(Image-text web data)

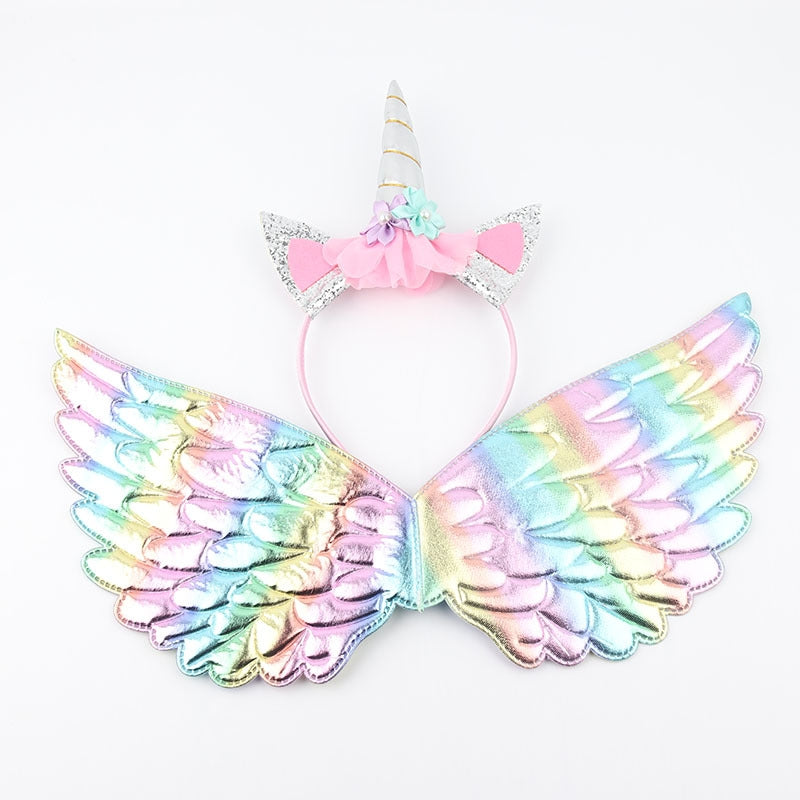 Colorful Butterfly Fairy Angel Wings Costume Props Headband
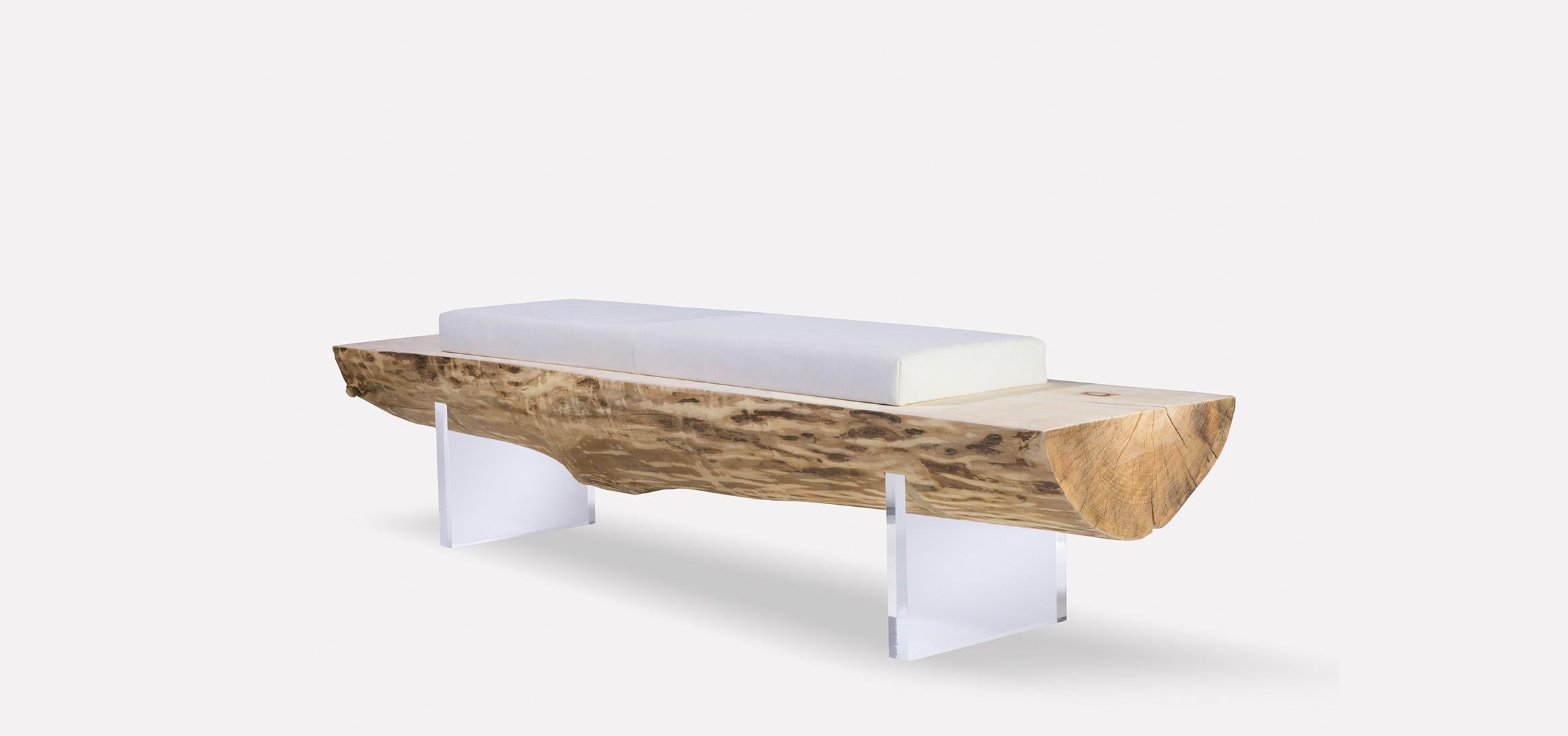Contemporary European Oak Bench with Leather Seat In New Condition For Sale In Miami, FL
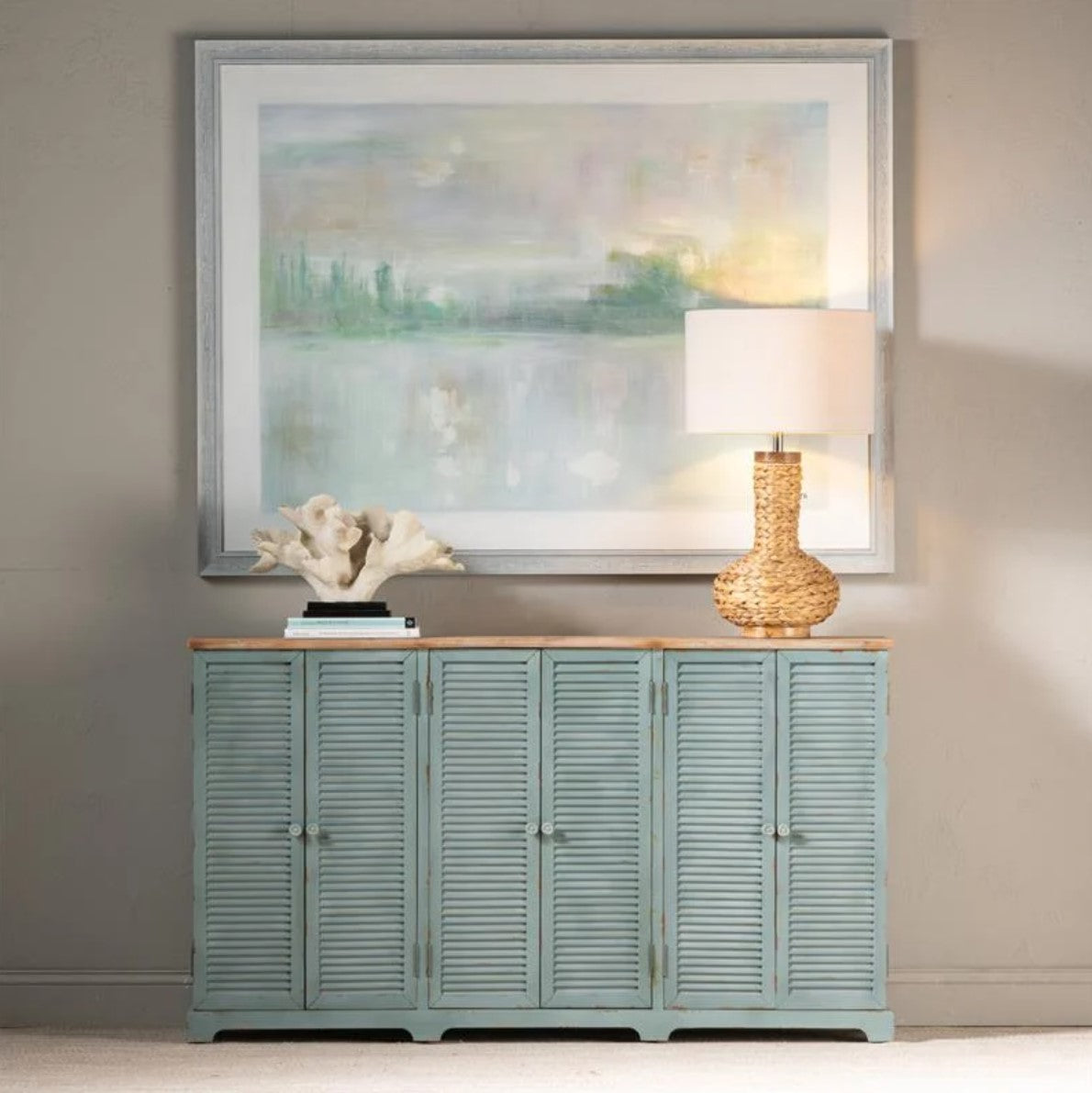 Sideboard with deals louvered doors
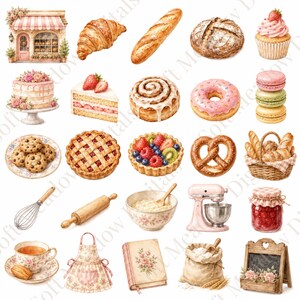 Puede incluir: Una colección de ilustraciones en acuarela que presenta una fachada de panadería, varios panes, pasteles, tartas, galletas, un pastel, una tarta de frutas, un pretzel, una cesta de pan, un batidor, rodillo, tazón, batidora, tarro de mermelada, juego de té, delantal, libro, saco de harina y una pizarra.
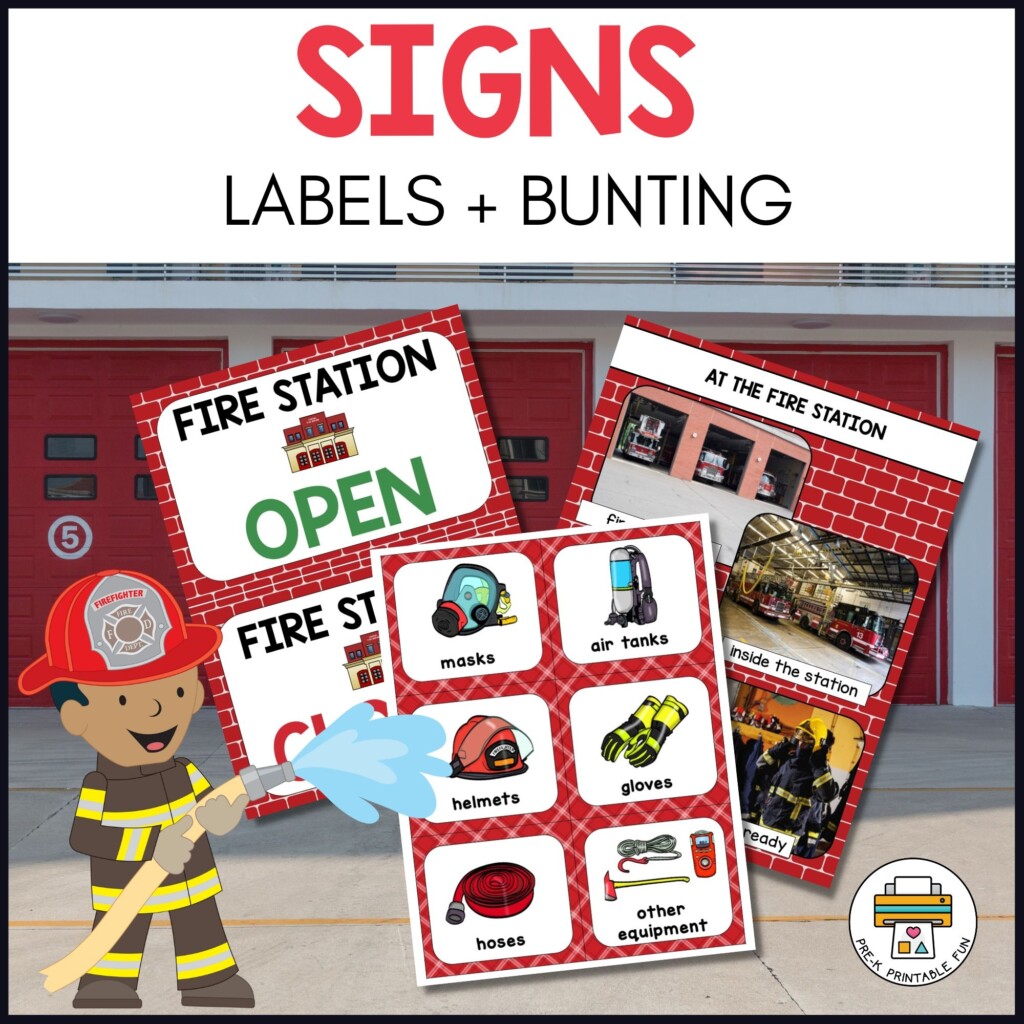 Fire Station Preschool Dramatic Play Pack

● **THE PROBLEM**
From the line that contains "Puede incluir: Una" to the last line of the records above, copy each line exactly, both ends included, and leave the pictures out.

● **ANSWER AREA**
 Puede incluir: Una colección de ilustraciones en acuarela que presenta una fachada de panadería, varios panes, pasteles, tartas, galletas, un pastel, una tarta de frutas, un pretzel, una cesta de pan, un batidor, rodillo, tazón, batidora, tarro de mermelada, juego de té, delantal, libro, saco de harina y una pizarra.
 Fire Station Preschool Dramatic Play Pack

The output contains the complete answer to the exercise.